UEFA Champions League: Top three underdog victories
The chills and thrills of the UEFA Champions League anthem are certain to send shivers down your spine. The excitement and the rapture that the competition brings is simply unparalleled, more so because there have been several underdog victories over the years.
While La Liga giants Real Madrid rule the Champions League province, every other season the tournament has seen its fair share of dark horses - be it Ajax from the 2018-19 season or AS Monaco from the 2016-17 campaign - rising to glory.
Only a few underdogs, however, have gone on to defy the odds and lift the most coveted European trophy. On that note, today we take a look at three teams who made it happen on the biggest stage of all.
Borussia Dortmund (1996-97)
Borussia Dortmund had entered the 1996-97 Champions League season at the back of two consecutive Bundesliga titles, but winning Europe’s ultimate prize was still a far-fetched reality. The Die Borussen had started the campaign with a 2-1 win over Widzew Lodz, but ended the group stage a place behind leaders Atletico Madrid. They had a rather easy outing against Auxerre in the quarterfinals, but needed something special to brush aside Manchester United in the following round. A 1-0 win in both the legs meant the Germans booked their place in the final, where a mighty Juventus awaited them.
The Italian champions were clearly the favourites as their roster included the likes of Zinedine Zidane, Christian Vieri, Didier Deschamps and Alessandro Del Piero amongst others. Defying the odds, Dortmund took the lead through Karl-Heinz Reidle before the striker doubled the advantage minutes after the half-hour mark. Del Piero pulled one back in the 65th minute, but substitute Lars Ricken restored the advantage to guide the Germans to a 3-1 win over the Italians.
Manchester United (1998-99)
Manchester United’s victory over Bayern Munich in the 1998-99 Champions League final has etched its name as one of the best underdog stories of the competition. Led by Sir Alex Ferguson, Manchester United went against the odds not only because they went trophy-less in the season prior, but they had as many as seven players below 25 in their main roster.

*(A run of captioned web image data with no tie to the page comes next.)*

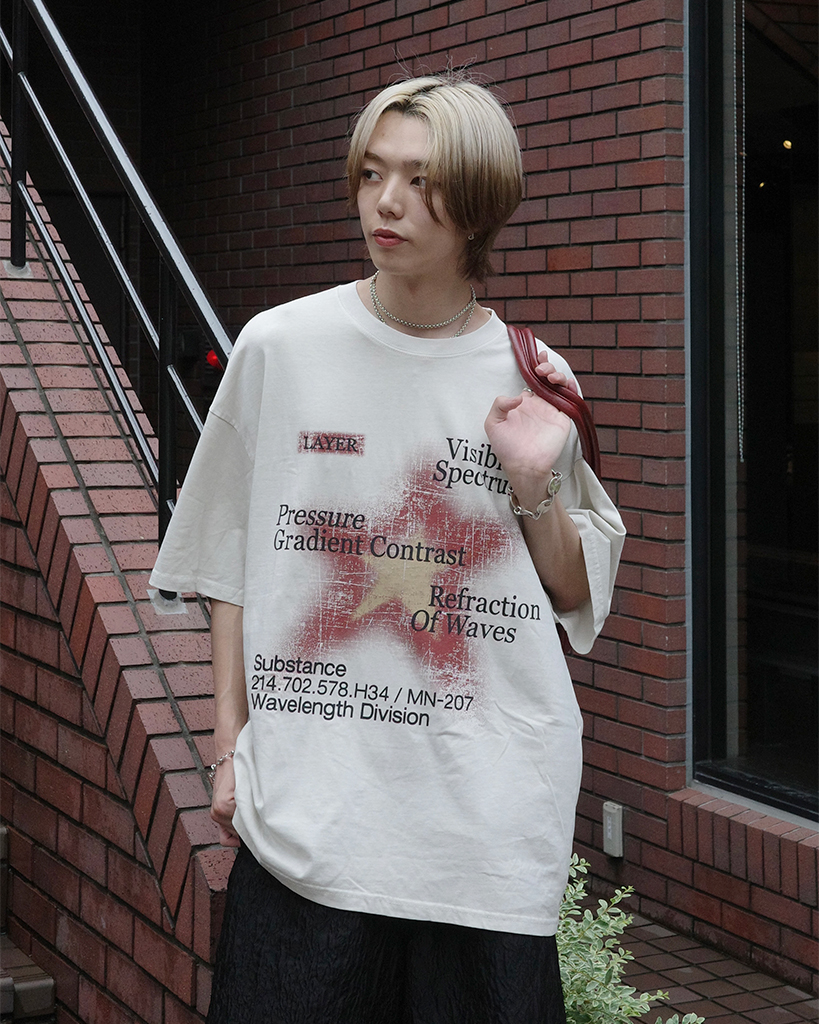 (ユニセックス)オーバーフィットスタースプレー半袖Tシャツ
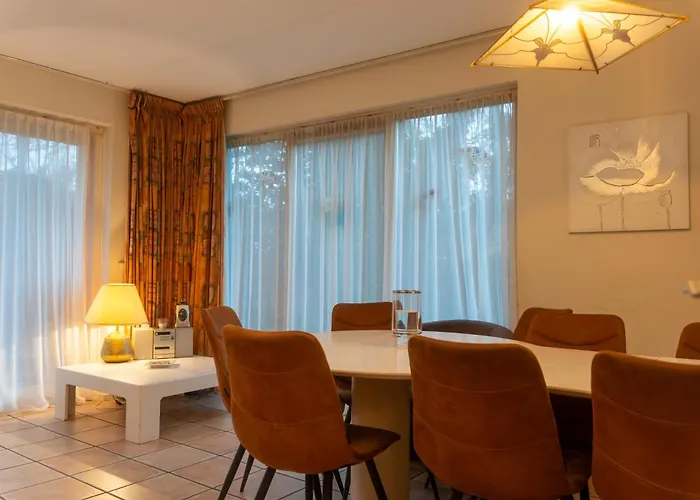 Ruime Aan De Kust In Het Prachtige Sint Maartenszee Sint Maartensvlotbrug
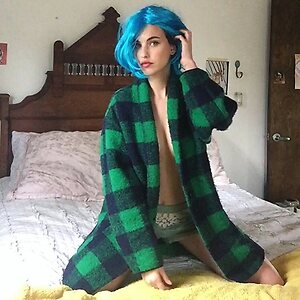 Rainey Qualley leaked photo #12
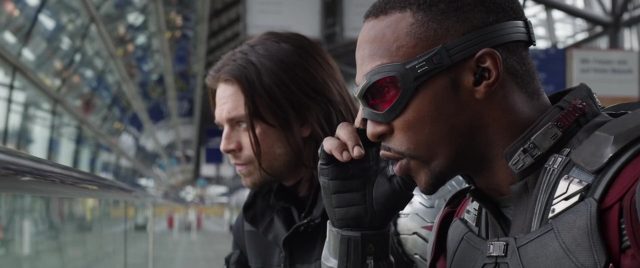 Captain America : Civil War. 12 Chris Evans et Robert Downey Jr. dans Captain America : Civil War 2016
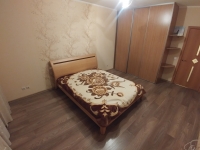 2-комнатная квартира посуточно Тюмень,  Одесская, 39: Фотография 5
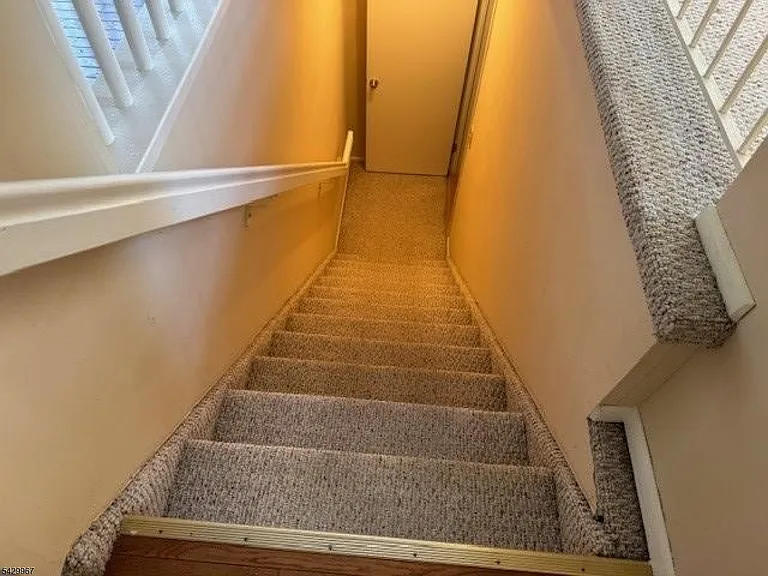3844 Bloomingdale Dr — Photo 15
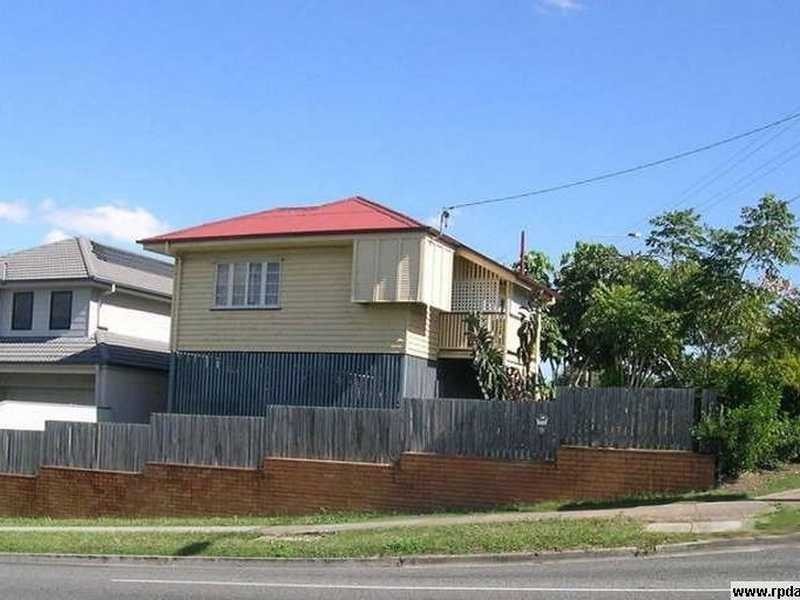 240 Shaw Road, Wavell Heights QLD 4012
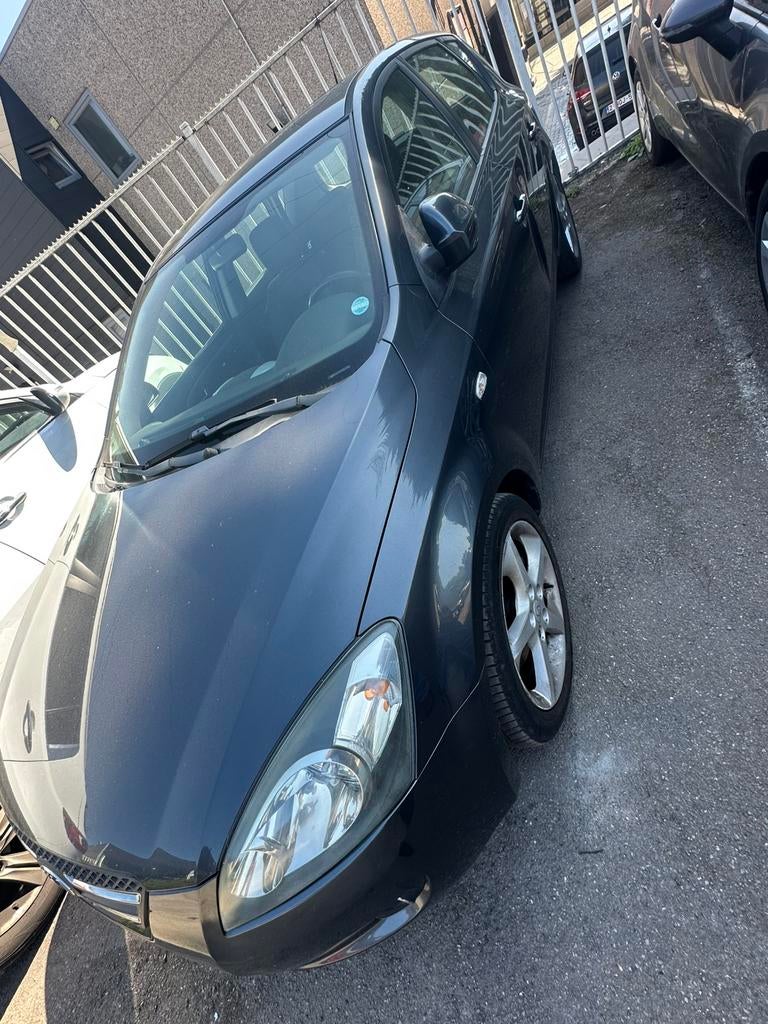 Kia, pour exportation, Autos, Kia, Cuir, Cruise Control, Boîte manuelle, 5 portes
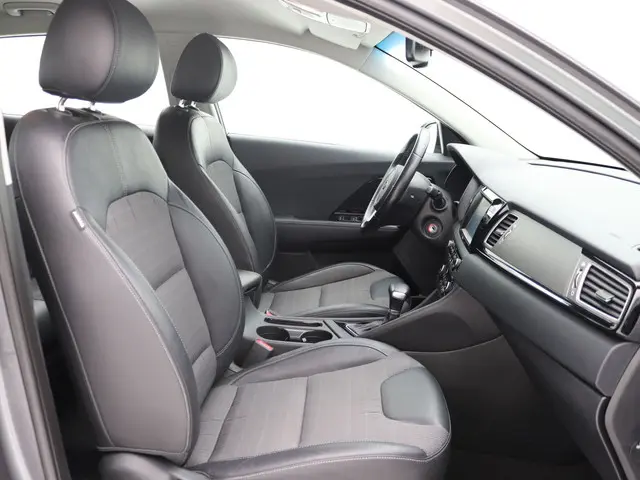 Kia Niro 1.6 GDi Hybrid DynamicLine 2018 Hybride Benzine 10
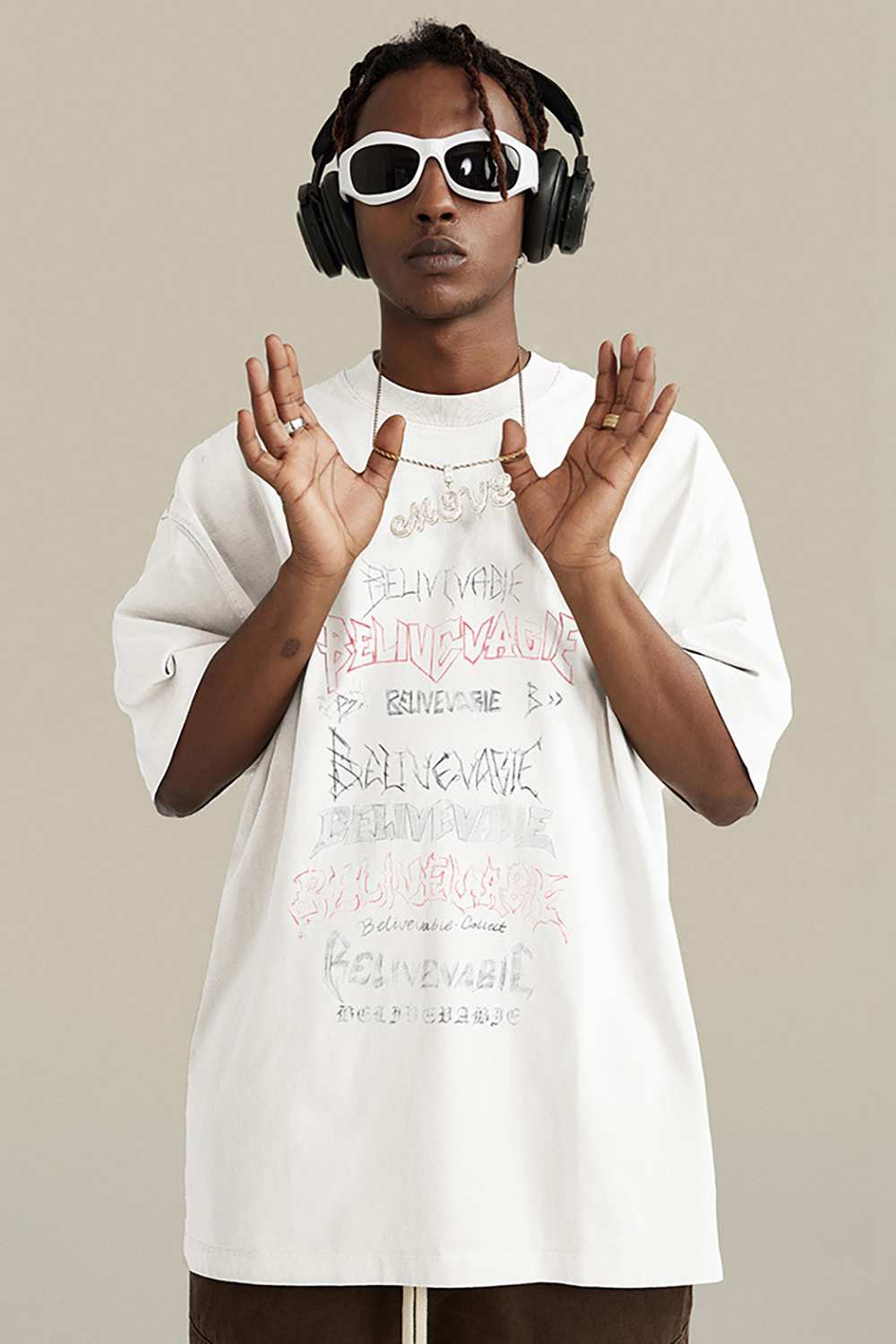 Loose Fit Vintage Washed Graphic Tee - White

Be that as it may, it didn’t deteriorate their title challenge as they finished second in their group before beating Inter Milan in the quarter-finals followed by a close victory over Juventus in the semis. United had several holes to fill given the fact that they were without their captain Roy Keane and Paul Scholes, who both missed the final due to suspension.
This resulted in Ferguson making several changes in the starting XI, with Ryan Giggs missing out and a young David Beckham finding a place. Bayern Munich, captained by Oliver Kahn, got the early breakthrough through Mario Basler’s free-kick and the game was heading to a Bayern win before the miracle happened. With the game now in the added minutes, several United fans were making their way out of the Camp Nou devastated. But, little did they know that the young United brigade would turn it around in a mere three minutes.
The Red Devils won a corner, which David Beckham fired. A muddle in the Bayern penalty area brought the ball to Giggs on the edge of the box, and with little to no space, the winger took a low hit with no real power. The only thing it needed was a little direction, which Teddy Sheringham gave to bring United on level terms. United forced another corner in the final 30 seconds and Sherringham once again played his role in laying the ball to Ole Gunnar Solskjaer, who tapped the ball in from three yards to make the impossible happen.
FC Porto (2003-04)
Jose Mourinho took over a struggling FC Porto team in 2002 with a promise of making them champions next year. Not only did he fulfil that promise but also guided the young Portuguese team to their first-ever UEFA Champions League title in 2003-04. Porto had dominated that particular season in almost every competition, even winning the Primeira Liga five weeks before the end of the season. While they lost Taca de Portugal to Benfica, they were rewarded with a greater prize when they defeated AS Monaco in the final.
Porto had a tough rout heading into the final. They drew one and lost their second group stage game and finished three points adrift of the group leaders Real Madrid in the table. It took plenty of hardship to get the better of Manchester United in the Round of 16, but they did it with real conviction before brushing aside Lyon and Deportivo La Coruna in the following rounds.
Up against AS Monaco, who had defeated Real Madrid and Bayern Munich en route to the final, Porto put on a dominant display right from the proceedings. They took the lead through Carlos Alberto six minutes before half-time, following which two goals in a span of four minutes in the final quarter saw Porto win the final 3-0.